## Your instructions:
Copy the lines exactly. Begin at the first line of the data and stop after the line with "Εύκολη τριφτή μηλόπιτα σε 1 ώρα".

## Source data:
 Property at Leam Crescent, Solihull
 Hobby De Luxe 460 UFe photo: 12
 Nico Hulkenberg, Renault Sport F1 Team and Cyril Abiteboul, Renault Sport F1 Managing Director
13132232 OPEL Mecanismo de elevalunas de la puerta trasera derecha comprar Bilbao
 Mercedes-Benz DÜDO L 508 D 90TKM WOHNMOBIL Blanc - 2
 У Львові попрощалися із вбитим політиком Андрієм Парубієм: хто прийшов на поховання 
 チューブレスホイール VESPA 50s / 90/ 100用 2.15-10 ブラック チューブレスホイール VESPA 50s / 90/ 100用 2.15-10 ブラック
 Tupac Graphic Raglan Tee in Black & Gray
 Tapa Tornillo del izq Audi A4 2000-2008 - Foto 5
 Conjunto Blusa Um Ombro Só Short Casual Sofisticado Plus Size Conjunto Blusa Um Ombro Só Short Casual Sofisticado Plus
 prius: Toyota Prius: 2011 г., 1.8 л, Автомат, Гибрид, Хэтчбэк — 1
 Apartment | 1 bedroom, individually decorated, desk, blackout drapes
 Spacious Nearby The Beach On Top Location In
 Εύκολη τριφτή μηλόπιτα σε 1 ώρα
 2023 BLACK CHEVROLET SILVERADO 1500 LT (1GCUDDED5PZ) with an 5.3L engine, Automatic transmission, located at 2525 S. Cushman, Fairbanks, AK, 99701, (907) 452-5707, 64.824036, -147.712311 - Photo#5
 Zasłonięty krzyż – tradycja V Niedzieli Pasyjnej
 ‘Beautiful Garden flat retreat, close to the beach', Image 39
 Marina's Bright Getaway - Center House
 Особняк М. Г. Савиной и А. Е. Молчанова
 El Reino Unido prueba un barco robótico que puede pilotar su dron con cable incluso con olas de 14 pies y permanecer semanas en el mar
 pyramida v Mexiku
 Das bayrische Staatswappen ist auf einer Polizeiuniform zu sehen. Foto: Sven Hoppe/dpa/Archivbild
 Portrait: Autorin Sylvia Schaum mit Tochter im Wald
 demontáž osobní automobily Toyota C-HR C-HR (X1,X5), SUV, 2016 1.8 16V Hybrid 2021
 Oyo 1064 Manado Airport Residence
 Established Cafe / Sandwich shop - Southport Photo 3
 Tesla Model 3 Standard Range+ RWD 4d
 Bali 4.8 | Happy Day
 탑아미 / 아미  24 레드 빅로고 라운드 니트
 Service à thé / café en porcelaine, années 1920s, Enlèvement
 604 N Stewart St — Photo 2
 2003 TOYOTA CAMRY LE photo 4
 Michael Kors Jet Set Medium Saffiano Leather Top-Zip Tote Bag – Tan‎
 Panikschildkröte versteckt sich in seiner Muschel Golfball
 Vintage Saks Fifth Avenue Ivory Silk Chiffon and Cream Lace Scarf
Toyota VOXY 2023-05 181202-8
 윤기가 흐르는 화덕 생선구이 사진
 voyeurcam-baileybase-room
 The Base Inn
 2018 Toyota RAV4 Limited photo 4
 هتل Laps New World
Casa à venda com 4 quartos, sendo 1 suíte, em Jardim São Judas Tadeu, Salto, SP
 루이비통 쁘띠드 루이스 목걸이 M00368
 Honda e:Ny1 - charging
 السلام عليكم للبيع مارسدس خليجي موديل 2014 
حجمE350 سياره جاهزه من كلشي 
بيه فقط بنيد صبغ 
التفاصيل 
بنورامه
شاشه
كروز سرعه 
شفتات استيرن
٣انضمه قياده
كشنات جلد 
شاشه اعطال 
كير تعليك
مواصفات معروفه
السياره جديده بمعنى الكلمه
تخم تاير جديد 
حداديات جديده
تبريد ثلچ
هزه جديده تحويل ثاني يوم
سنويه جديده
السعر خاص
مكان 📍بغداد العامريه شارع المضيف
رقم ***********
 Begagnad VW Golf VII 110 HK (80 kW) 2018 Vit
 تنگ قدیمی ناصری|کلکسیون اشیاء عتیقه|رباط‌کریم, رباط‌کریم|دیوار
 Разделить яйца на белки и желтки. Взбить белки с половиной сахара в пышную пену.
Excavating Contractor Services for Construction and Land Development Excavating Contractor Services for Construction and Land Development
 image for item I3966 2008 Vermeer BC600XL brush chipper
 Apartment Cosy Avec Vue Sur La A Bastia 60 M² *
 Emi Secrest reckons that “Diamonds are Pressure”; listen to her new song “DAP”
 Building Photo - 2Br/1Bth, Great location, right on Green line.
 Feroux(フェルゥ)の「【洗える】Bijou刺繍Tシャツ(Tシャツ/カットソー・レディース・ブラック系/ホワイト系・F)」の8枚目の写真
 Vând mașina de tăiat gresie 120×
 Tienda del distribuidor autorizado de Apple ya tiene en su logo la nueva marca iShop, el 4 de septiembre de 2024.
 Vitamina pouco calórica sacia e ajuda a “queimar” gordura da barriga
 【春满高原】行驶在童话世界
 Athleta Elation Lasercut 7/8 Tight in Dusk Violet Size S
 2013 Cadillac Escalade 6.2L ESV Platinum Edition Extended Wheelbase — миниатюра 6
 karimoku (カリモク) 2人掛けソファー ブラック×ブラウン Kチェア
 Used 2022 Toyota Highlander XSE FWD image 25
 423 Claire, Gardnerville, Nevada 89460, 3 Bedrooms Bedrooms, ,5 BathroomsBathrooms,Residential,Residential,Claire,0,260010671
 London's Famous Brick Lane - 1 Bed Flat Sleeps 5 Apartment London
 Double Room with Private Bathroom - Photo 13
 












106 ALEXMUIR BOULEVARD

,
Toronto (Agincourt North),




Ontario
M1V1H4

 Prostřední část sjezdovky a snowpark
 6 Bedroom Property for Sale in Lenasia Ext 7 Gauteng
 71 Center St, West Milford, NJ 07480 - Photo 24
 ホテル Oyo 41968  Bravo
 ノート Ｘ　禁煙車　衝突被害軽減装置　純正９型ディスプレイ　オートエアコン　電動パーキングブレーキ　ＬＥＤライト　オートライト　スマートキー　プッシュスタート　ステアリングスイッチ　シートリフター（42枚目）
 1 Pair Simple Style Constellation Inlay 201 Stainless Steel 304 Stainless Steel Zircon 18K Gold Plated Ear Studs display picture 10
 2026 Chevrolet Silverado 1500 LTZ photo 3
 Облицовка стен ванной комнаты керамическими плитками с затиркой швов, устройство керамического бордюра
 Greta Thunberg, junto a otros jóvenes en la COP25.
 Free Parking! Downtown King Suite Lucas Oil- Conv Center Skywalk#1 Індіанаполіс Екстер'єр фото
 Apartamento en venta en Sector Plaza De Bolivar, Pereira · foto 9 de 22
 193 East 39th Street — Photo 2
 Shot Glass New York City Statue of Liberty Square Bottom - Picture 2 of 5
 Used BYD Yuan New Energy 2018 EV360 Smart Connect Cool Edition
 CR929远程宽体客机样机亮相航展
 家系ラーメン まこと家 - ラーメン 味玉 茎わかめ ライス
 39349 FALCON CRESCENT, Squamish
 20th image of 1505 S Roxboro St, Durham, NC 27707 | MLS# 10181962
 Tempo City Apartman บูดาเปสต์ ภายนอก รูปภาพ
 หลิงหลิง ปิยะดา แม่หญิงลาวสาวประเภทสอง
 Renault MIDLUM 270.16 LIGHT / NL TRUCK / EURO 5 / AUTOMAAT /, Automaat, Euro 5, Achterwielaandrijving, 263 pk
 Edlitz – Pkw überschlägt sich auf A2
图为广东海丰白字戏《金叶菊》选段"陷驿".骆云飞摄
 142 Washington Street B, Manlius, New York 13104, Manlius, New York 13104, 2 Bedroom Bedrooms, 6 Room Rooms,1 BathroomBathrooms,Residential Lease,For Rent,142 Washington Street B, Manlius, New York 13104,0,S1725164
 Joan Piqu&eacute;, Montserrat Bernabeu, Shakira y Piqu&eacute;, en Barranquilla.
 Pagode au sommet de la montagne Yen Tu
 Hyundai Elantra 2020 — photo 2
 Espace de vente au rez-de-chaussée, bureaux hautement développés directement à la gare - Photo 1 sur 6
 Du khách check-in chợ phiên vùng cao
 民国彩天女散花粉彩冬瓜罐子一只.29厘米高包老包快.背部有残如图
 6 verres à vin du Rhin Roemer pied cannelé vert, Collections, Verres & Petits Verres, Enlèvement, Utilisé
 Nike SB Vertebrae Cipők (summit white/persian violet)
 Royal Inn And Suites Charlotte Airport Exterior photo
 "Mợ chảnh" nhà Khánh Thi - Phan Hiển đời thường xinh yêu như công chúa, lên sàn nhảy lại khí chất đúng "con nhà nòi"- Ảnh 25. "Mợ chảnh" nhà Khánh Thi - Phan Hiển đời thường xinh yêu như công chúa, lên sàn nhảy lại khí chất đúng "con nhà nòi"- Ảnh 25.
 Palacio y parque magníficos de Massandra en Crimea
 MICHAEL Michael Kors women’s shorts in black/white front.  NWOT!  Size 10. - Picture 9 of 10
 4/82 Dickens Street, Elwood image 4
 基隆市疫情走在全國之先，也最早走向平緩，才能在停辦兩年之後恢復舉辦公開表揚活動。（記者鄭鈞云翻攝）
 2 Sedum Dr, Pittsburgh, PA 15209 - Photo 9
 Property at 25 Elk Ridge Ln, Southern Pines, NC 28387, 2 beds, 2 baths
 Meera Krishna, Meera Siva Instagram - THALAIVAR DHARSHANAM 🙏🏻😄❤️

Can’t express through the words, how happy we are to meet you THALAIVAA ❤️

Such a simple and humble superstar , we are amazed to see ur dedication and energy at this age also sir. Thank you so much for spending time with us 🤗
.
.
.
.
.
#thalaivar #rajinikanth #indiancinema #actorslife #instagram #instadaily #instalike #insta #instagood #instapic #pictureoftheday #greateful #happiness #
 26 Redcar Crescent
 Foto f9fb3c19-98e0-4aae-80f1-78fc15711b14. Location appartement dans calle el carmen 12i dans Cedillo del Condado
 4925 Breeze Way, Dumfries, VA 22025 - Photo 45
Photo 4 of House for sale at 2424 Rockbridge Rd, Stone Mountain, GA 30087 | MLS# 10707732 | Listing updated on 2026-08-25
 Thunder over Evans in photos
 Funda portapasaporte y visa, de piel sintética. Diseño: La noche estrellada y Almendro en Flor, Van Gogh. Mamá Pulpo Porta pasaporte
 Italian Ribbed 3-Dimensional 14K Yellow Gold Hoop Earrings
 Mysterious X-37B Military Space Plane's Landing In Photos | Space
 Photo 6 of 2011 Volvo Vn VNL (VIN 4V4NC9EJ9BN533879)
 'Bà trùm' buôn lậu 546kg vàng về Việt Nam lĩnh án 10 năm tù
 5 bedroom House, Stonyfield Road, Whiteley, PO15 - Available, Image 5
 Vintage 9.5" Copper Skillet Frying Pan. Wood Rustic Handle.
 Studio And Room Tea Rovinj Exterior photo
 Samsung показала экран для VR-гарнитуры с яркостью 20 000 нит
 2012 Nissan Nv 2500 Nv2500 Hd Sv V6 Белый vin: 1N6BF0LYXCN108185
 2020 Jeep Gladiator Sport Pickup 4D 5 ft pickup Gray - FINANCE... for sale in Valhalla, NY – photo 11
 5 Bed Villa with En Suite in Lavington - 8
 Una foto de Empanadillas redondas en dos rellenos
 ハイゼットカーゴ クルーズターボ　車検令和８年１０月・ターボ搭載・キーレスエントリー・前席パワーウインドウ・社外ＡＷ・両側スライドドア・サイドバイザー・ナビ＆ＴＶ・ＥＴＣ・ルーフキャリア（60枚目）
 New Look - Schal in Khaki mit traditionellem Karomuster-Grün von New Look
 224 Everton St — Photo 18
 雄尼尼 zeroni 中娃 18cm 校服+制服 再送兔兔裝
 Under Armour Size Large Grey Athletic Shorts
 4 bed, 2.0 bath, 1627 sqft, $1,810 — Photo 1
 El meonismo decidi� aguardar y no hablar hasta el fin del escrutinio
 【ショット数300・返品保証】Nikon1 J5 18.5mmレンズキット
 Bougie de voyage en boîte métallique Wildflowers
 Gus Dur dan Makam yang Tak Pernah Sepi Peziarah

## Answer to this task:
 Property at Leam Crescent, Solihull
 Hobby De Luxe 460 UFe photo: 12
 Nico Hulkenberg, Renault Sport F1 Team and Cyril Abiteboul, Renault Sport F1 Managing Director
13132232 OPEL Mecanismo de elevalunas de la puerta trasera derecha comprar Bilbao
 Mercedes-Benz DÜDO L 508 D 90TKM WOHNMOBIL Blanc - 2
 У Львові попрощалися із вбитим політиком Андрієм Парубієм: хто прийшов на поховання 
 チューブレスホイール VESPA 50s / 90/ 100用 2.15-10 ブラック チューブレスホイール VESPA 50s / 90/ 100用 2.15-10 ブラック
 Tupac Graphic Raglan Tee in Black & Gray
 Tapa Tornillo del izq Audi A4 2000-2008 - Foto 5
 Conjunto Blusa Um Ombro Só Short Casual Sofisticado Plus Size Conjunto Blusa Um Ombro Só Short Casual Sofisticado Plus
 prius: Toyota Prius: 2011 г., 1.8 л, Автомат, Гибрид, Хэтчбэк — 1
 Apartment | 1 bedroom, individually decorated, desk, blackout drapes
 Spacious Nearby The Beach On Top Location In
 Εύκολη τριφτή μηλόπιτα σε 1 ώρα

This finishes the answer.